The Associated Students of the University of Montana recently announced the purchase of two zero-emission, battery-electric buses.

ASUM Office of Transportation Director Jordan Hess said it took about 18 months of studying and vetting different options before deciding to purchase two new electric buses.

"We're making that move for two reasons," Hess said. "The buses are a significant environmental benefit, removing emissions and improving local air quality, but they will provide a significant cost savings over the long run. One of the things about these electric buses, is that they come with a higher up-front cost, but they will save a lot in operating costs over the life of the bus. Each bus will cost about $739,000, but we're estimating pretty conservatively that over the 12 year life of the bus that we'll save about $90,000 per bus."

According to a press release, ASUM aims to finance the buses through the state of Montana’s INTERCAP Loan Program.

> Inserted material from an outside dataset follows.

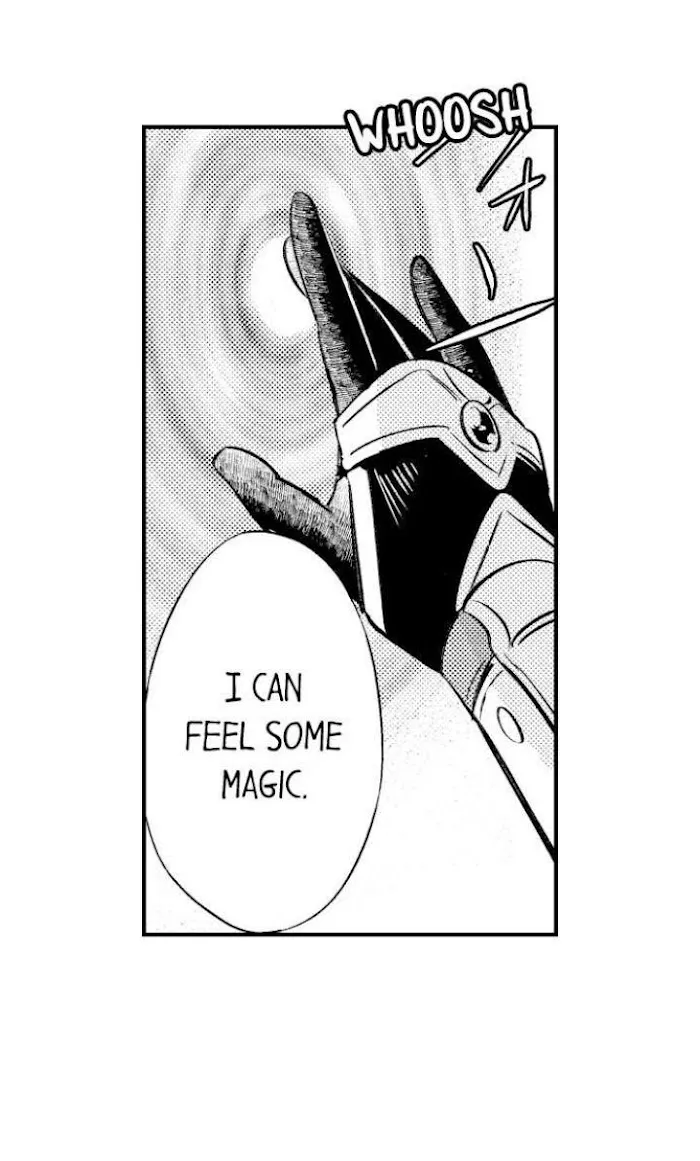 Reincarnated into Demon King Evelogia's World Chapter 33 page 36 - 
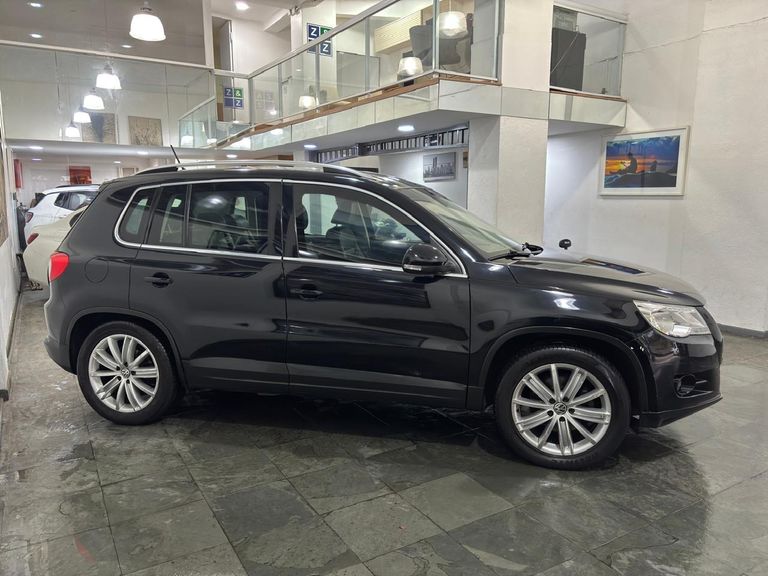 VolksWagen TIGUAN 2.0 TSI 16V 200cv Tiptronic 5p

ASUM received a Diesel Emissions Reduction Act grant from the U.S. Environmental Protection Agency, which is administered by the DEQ. The $163,191 grant aims to improve public health by reducing emissions and particulate matter.

"We're ordering two of them," he said, "They'll be in service for the 2016-2017 academic year. They're all custom built so they'll be moving down the production line this spring, and we look forward to receiving them in late summer."

With approval by the Montana University System Board of Regents, the press release added, the student-led transit agency will be the first in the U.S. to bring fast-charging electric buses to a University fleet.